◆ Recorded data ◆
>>>

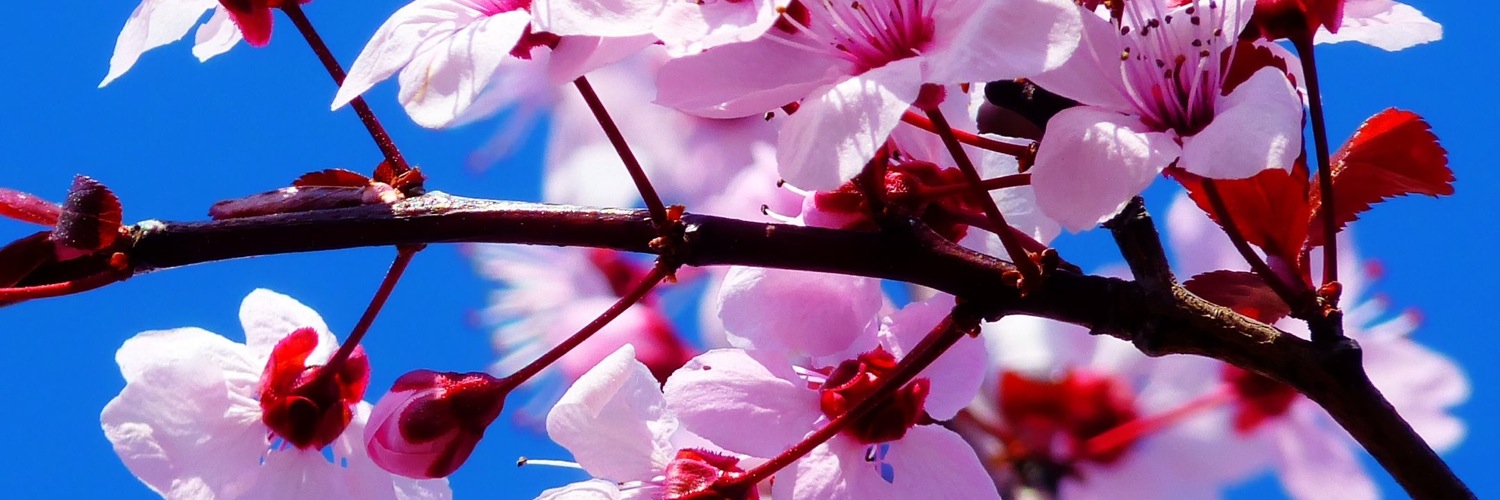 Twitterのヘッダー画像・トップ画に使える画像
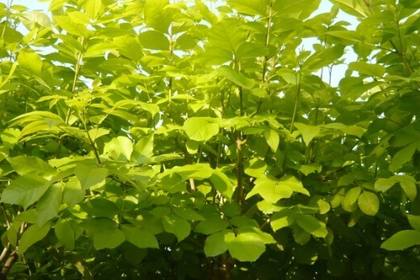 魚臺林木產品信息_找信息上魚臺百業網林木頻道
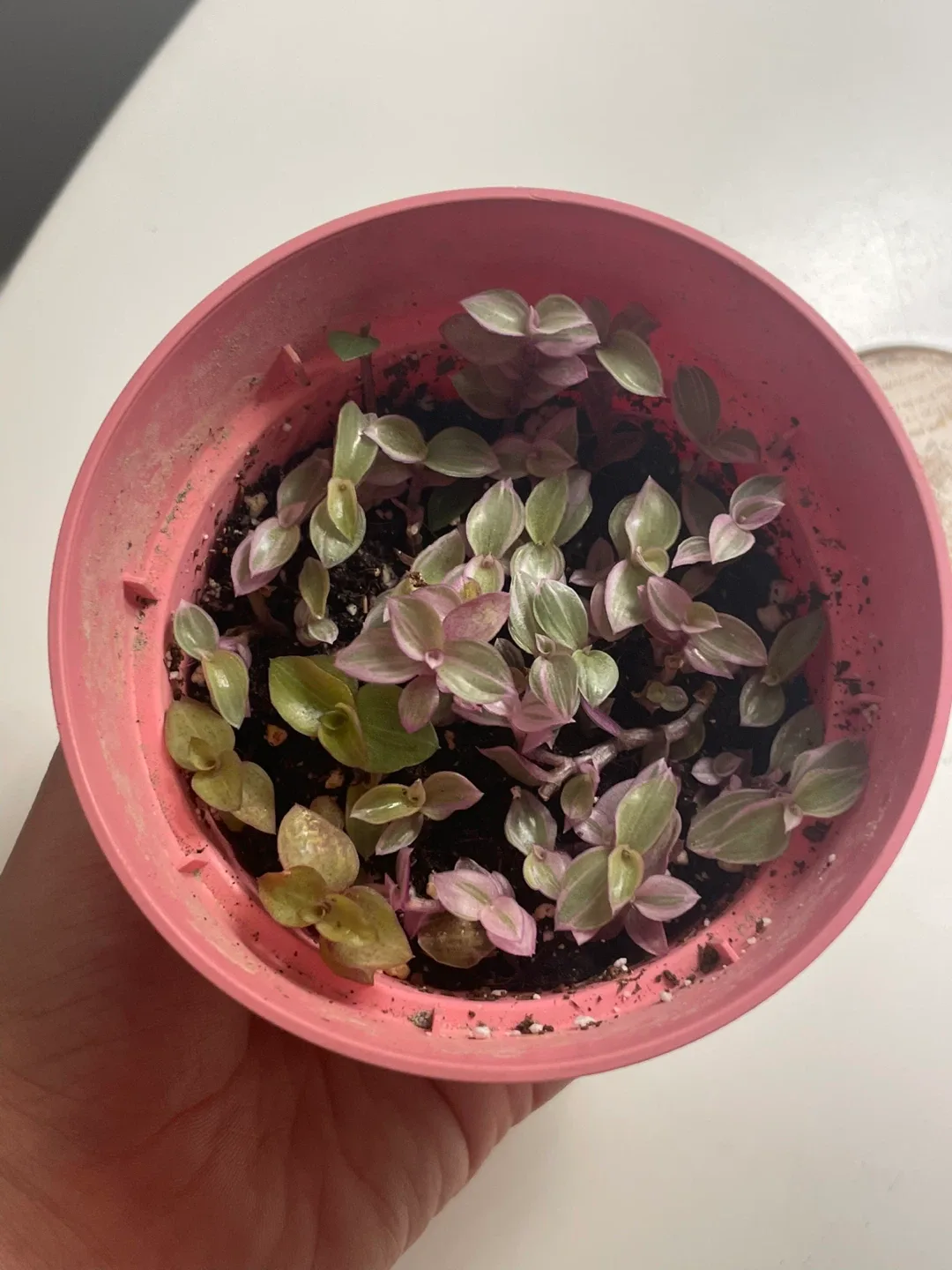 Tradescantia Nanouk Cup Pot 🌱 image indicator(2)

<<<

◆ Exercise ◆
Nothing but an exact copy of the data above, minus its pictures, should appear in the response.

◆ Task answer ◆
 Twitterのヘッダー画像・トップ画に使える画像
 魚臺林木產品信息_找信息上魚臺百業網林木頻道
 Tradescantia Nanouk Cup Pot 🌱 image indicator(2)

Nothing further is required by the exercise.